Current approaches to big data and accompanying computational methods have left behind critical applications where the data is not a collection of individual points, but rather whole geometric objects. Such applications include medical imaging, LiDAR for self-driving cars, and single-cell RNA sequencing, to name a few. Transferring the overwhelming success of simpler data processing and statistical techniques to this regime requires not only large datasets, but also suitable models and algorithms for analysis of this more general type of data. The theory of optimal transport has proven valuable to address these limitations thanks to recent advances on the computational front. Yet, understanding optimal transport as a statistical tool is still in its infancy. This project aims at developing a "geometric data analysis" toolbox based on optimal transport to tackle these new datasets. This proposal will help create a common language to interact and collaborate across disciplines. Much of this research will be integrated in this curriculum and made available through MIT OpenCourseWare. This proposal will also enable rich interdisciplinary training of PhD and undergraduate students.
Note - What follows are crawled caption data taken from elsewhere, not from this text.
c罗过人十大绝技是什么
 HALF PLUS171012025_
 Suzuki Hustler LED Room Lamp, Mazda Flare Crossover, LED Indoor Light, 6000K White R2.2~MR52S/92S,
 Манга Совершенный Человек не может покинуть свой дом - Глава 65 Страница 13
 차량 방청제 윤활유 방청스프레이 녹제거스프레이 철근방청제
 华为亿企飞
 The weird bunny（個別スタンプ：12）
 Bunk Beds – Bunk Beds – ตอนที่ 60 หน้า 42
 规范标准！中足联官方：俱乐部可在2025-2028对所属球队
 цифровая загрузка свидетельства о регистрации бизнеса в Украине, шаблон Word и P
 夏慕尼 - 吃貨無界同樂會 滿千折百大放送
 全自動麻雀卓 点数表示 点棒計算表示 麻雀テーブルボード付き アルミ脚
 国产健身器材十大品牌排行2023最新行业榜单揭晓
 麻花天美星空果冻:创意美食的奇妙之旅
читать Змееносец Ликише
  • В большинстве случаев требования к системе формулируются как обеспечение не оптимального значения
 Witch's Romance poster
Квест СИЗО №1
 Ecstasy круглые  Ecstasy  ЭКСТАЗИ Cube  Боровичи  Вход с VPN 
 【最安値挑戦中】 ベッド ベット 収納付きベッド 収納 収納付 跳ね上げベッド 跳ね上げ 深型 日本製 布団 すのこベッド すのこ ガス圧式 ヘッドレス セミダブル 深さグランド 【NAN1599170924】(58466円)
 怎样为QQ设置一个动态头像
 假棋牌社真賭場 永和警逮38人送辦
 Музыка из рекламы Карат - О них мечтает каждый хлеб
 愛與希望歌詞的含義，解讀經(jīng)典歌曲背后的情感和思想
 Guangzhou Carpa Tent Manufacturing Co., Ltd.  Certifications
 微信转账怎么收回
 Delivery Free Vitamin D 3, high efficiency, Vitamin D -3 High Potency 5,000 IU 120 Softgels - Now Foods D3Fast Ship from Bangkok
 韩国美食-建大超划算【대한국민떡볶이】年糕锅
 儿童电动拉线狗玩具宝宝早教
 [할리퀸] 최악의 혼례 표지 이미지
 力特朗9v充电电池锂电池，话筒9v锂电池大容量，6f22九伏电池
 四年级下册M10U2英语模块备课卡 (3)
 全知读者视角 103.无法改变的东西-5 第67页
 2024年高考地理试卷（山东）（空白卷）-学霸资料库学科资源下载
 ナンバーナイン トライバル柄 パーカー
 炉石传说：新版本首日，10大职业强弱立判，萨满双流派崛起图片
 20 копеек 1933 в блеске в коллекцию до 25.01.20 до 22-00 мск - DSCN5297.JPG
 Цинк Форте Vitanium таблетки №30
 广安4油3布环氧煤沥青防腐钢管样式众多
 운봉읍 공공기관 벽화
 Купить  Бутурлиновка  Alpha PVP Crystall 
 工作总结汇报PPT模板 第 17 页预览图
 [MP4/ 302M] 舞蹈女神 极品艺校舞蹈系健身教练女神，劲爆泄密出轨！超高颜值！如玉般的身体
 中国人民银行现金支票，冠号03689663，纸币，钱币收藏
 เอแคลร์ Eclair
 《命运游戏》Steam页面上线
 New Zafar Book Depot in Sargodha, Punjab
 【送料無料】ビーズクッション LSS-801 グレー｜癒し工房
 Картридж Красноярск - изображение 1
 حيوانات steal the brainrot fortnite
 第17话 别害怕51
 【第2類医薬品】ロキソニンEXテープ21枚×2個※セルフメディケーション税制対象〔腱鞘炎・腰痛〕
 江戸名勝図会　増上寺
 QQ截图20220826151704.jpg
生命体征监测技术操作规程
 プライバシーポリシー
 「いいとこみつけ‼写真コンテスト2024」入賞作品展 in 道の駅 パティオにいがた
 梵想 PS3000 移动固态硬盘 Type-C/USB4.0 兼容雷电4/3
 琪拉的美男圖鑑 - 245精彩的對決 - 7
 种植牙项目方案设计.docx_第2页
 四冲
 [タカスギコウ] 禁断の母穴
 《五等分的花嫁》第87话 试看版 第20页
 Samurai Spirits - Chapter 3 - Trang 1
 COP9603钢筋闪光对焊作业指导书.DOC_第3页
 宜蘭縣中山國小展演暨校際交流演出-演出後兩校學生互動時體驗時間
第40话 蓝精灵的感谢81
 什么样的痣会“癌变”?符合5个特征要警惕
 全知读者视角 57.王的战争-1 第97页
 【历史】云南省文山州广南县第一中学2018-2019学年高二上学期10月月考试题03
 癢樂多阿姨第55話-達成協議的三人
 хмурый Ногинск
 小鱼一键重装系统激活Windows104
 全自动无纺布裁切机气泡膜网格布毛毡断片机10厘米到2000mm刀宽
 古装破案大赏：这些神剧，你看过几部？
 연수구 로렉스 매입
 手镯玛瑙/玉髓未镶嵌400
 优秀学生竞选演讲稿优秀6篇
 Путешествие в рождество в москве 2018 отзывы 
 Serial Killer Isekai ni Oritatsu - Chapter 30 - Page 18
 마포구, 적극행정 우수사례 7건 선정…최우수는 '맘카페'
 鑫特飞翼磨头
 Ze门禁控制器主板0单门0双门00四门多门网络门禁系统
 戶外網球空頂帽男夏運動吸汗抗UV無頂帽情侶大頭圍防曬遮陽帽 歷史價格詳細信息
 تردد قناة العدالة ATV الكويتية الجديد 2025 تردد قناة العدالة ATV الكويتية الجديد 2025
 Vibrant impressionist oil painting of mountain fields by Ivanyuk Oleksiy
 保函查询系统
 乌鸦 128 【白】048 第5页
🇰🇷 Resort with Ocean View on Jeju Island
The proposed methods are built around the rich mathematical theory of optimal transport (OT). This theory provides a framework for the development of new methods for geometric data analysis in addition to their rigorous statistical and computational analysis. The nascent theory of computational optimal transport is still largely dissociated from statistics, and many methods do not account properly for sampling and measurement noise. To avoid the pitfalls of overfitting, this proposal singularly and systematically takes a statistical approach to geometric data analysis. With an understanding of the theoretical advantages and drawbacks of OT for statistical modeling, it will lead to scalable OT algorithms with strong statistical guarantees. A tangible outcome of this proposal is a cohesive toolbox extending not only averaging but also regression, classification, clustering, and other notions from classical statistics in a fashion that captures global geometric features of data. It will have a direct impact on various applications in analysis of not only medical images but also point clouds gathered by LiDAR for self-driving cars, sequences of gene expressions produced by single-cell RNA sequencing, and other diverse yet large-scale sources of data. These datasets contain millions of entities but resist application of standard statistical procedures; current state-of-the-art techniques for their analysis are ad-hoc, not generalizable, and fail to reach the quality achieved by "big data" tools in other domains. Educational impact will be made by incorporating this work in new degree programs in statistics at MIT.
This award reflects NSF's statutory mission and has been deemed worthy of support through evaluation using the Foundation's intellectual merit and broader impacts review criteria.